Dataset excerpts

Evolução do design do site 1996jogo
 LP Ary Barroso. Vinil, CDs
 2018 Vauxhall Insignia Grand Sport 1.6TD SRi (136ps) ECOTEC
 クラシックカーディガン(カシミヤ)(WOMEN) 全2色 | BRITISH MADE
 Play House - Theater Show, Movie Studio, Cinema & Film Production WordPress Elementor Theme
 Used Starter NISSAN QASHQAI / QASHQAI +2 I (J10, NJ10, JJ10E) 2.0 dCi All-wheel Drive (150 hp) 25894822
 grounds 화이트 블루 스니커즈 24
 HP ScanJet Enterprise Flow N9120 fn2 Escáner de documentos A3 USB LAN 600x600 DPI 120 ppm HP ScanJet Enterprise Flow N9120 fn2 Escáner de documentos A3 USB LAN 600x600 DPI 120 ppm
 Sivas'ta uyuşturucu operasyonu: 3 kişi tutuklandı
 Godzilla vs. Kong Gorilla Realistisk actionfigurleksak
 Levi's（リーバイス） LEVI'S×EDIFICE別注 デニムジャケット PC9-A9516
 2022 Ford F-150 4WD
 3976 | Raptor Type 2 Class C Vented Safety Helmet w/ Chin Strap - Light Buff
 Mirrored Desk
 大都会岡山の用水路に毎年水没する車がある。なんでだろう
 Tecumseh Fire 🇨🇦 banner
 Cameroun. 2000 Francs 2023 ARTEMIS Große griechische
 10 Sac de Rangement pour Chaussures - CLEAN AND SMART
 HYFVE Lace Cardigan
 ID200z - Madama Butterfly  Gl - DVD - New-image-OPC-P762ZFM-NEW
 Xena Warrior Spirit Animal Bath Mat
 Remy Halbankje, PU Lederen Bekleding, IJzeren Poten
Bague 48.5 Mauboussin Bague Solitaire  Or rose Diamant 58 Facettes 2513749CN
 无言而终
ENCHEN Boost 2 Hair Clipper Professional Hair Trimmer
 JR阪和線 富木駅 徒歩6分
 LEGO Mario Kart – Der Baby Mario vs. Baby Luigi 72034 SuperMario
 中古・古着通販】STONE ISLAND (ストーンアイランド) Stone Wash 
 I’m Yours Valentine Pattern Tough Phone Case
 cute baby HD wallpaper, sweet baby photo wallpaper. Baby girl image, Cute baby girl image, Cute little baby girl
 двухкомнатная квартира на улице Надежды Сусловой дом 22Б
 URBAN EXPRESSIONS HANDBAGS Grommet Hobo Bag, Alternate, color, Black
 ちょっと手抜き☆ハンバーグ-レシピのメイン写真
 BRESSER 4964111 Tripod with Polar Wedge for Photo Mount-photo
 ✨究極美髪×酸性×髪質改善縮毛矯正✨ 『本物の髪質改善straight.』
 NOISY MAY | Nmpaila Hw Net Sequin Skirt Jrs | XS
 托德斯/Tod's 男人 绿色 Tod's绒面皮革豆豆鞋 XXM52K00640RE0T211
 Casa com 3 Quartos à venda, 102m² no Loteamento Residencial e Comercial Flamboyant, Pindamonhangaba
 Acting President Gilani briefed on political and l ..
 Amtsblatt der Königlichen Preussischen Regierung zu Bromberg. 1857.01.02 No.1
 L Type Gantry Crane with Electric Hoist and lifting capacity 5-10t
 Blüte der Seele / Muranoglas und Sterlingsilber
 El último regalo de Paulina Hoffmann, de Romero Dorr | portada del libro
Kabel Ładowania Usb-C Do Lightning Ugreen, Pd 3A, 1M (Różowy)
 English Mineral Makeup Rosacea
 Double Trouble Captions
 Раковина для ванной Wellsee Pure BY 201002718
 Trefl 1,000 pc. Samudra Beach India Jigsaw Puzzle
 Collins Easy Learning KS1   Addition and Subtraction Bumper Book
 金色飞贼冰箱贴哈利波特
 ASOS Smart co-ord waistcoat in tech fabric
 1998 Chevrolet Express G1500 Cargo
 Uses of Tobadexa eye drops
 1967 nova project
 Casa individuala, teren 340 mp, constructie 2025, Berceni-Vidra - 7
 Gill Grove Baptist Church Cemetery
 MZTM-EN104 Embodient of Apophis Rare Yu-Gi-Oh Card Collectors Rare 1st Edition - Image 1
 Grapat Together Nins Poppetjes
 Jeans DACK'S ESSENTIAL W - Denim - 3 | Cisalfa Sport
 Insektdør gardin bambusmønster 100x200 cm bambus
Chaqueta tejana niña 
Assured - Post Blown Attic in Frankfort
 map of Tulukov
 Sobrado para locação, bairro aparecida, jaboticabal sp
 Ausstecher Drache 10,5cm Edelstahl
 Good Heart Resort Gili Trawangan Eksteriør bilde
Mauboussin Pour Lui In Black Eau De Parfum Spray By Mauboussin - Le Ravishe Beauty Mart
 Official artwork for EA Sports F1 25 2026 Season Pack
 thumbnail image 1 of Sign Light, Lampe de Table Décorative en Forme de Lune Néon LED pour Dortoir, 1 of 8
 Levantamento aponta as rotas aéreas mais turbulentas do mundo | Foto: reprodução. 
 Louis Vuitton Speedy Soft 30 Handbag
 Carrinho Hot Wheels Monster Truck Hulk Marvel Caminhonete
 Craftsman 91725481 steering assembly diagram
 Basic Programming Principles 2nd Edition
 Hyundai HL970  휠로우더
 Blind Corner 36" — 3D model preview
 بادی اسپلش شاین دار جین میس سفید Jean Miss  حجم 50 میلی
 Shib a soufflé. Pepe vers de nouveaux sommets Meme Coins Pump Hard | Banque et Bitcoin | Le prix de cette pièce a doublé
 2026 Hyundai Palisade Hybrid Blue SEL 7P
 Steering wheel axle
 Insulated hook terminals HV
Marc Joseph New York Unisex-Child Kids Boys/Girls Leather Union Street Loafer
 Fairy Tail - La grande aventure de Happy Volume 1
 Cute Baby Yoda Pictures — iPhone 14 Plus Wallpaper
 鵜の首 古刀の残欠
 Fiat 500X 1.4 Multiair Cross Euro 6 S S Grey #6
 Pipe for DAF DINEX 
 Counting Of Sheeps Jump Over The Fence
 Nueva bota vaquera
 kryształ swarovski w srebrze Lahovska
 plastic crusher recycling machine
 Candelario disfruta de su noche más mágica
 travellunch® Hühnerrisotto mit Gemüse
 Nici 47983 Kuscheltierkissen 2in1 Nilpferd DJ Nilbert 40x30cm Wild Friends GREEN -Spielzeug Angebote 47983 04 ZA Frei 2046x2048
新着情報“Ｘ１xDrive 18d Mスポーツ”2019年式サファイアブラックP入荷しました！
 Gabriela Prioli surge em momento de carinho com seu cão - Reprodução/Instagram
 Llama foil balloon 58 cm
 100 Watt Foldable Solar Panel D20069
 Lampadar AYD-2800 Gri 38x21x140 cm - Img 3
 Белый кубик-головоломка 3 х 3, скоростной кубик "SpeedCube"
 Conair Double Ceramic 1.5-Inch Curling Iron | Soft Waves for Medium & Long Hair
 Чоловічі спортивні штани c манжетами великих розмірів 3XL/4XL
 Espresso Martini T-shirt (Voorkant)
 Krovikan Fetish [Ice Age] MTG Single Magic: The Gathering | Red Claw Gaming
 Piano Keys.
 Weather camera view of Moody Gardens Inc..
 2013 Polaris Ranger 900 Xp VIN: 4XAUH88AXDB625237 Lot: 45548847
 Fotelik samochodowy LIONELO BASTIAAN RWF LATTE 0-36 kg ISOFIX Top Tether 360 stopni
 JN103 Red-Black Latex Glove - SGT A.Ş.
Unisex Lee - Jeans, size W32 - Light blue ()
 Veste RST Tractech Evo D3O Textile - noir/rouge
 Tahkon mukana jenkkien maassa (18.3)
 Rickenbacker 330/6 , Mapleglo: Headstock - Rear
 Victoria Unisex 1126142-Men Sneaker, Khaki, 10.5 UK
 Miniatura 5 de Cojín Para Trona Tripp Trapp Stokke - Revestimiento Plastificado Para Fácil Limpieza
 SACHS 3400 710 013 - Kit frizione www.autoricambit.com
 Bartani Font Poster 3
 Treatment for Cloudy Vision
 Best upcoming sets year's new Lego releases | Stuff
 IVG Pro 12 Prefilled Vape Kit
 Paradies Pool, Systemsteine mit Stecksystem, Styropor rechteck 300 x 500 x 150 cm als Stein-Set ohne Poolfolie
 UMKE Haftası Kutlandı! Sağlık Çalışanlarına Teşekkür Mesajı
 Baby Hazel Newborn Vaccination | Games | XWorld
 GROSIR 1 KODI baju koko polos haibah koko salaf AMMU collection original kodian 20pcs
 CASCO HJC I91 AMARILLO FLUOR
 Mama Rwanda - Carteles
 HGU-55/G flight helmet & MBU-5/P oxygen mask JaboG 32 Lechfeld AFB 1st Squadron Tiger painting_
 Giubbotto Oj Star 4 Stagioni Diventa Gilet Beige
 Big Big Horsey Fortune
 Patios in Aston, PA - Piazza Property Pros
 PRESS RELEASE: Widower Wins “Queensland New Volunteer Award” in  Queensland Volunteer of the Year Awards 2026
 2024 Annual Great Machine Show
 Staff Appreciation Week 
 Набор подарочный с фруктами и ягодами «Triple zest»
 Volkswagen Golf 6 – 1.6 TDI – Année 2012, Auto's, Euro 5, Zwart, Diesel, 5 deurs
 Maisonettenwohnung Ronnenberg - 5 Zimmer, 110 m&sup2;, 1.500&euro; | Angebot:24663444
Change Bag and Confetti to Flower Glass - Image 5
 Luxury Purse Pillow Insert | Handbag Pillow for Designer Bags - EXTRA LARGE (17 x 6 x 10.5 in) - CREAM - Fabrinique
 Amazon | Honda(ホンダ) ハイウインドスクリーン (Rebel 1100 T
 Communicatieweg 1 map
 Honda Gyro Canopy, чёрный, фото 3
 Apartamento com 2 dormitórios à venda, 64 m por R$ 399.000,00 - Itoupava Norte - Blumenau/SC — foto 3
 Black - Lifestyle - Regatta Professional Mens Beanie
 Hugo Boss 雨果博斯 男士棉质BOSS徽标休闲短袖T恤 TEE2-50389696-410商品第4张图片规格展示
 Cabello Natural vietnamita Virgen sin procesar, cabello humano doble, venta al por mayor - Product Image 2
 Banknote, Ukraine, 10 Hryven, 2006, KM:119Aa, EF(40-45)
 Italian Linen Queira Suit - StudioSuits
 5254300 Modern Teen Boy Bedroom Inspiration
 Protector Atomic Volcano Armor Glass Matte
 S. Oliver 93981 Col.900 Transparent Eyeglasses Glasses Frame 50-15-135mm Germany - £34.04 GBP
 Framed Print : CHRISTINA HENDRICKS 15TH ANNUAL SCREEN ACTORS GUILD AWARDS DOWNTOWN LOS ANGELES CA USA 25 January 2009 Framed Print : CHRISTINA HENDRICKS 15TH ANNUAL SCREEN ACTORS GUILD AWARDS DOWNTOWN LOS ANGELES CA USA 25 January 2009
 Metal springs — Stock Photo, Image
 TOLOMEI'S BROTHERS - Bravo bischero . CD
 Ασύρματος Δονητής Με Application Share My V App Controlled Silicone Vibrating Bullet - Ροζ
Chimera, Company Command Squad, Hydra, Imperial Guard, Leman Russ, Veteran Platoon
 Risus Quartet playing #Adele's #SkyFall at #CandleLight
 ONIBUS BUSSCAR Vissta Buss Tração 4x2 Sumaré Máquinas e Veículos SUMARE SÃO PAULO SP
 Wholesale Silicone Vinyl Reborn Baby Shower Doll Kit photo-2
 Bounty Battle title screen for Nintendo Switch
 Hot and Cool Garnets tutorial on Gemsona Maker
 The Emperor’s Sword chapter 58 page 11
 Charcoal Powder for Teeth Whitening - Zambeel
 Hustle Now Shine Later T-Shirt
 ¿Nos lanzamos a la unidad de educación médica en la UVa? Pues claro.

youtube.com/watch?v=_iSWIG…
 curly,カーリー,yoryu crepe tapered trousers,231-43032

**DIRECTIONS**
The word to look for is "with"; copy out every line of the entries that holds it.

**WORKED SOLUTION**
 BRESSER 4964111 Tripod with Polar Wedge for Photo Mount-photo
 L Type Gantry Crane with Electric Hoist and lifting capacity 5-10t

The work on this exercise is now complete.